Rieckhoff's address was planned, facilitated and promoted by John Kerry's presidential campaign. I don't know what Rieckhoff's experience was or wasn't in Iraq, but in all the time that I was there, I did not see what he saw. To the contrary, I saw armor save the lives of American soldiers and Marines. Morale was high, supplies were sufficient.

 

And when Kerry was finished exploiting Rieckhoff, he climbed into the echo chamber and said he was "disturbed and troubled" by the "disgraceful" abuses committed at Abu Ghraib prison and insisted that the president immediately "owed the world an explanation," since the response of the administration has been "slow and inappropriate."

 

Give Kerry this much -- he's got chutzpah.

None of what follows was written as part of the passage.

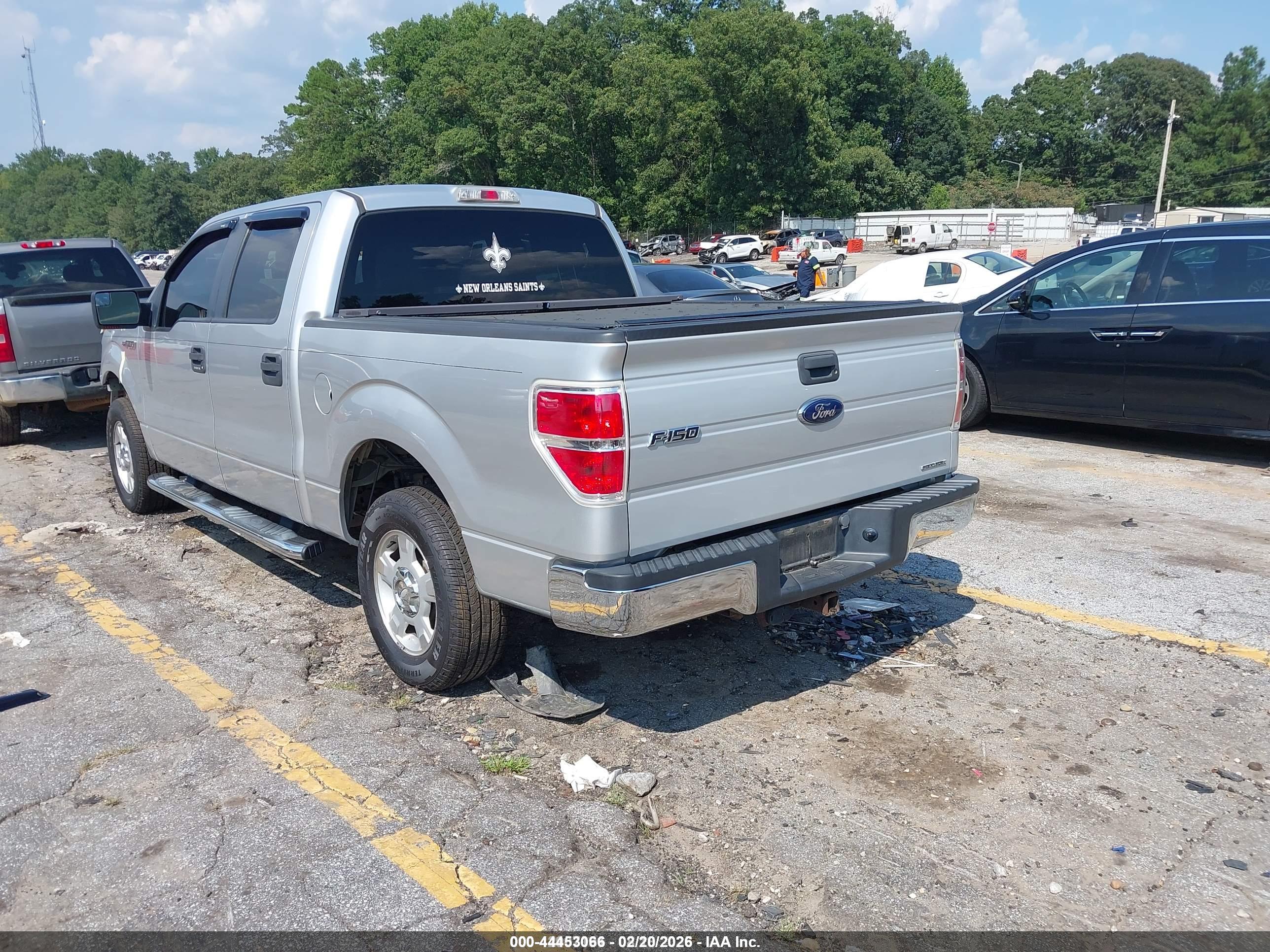 FORD F-150 image 3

It's an interesting demand from a man who said he committed "atrocities" in Vietnam; knew of others who committed atrocities; and 30 years later has never explained himself, or explained why, as an officer, he failed to hold those accountable for crimes they supposedly committed.

 

The media's feeding frenzy around the Abu Ghraib prison photos and Kerry's exploitation of Rieckhoff are creating a false impression of what is really happening on a wide scale in Iraq.

 

Over the past two years, I have spent nearly six months with U.S. forces in Iraq, Afghanistan and throughout the Middle East. During the march to Baghdad last year, I saw hundreds of Iraqis taken prisoner -- many of whom turned themselves in to American forces knowing they would fare better in U.S. custody than in Saddam's army. They were all treated humanely.

 

In battle, I watched a Marine risk his life to rescue a wounded Iraqi woman. Troops in the units with which I was embedded treated the Iraqi people with dignity and respect. U.S. forces have played soccer with the kids, befriended the Iraqi people and built schools with supplies sent by the American public. I've seen Marines give their last MREs to hungry Iraqi children.

 

I've also seen why these troops are in Iraq. I've looked into Saddam's mass graves -- a site that makes you sick to your stomach. I saw the videotaped evidence of atrocities committed by Saddam, Uday and Qusay -- tapes showing innocent Iraqis having their tongues cut out, or being blindfolded, bound and marched off the edge of two and three story buildings. I saw Iraqi schools turned into ammunition depots and mosques used as bunkers.

 

After Sept.11, I visited the Pentagon and Ground Zero. I've met some of the families whose lives were changed forever that day.

 

Yes, some soldiers made mistakes at Abu Ghraib prison. They will be held accountable, and rightfully so. But those mistakes are an aberration of the highest order compared to the thousands of acts of kindness that U.S. troops are showing to the Iraqi people daily. Let's keep it in perspective, and remember who the real enemy is.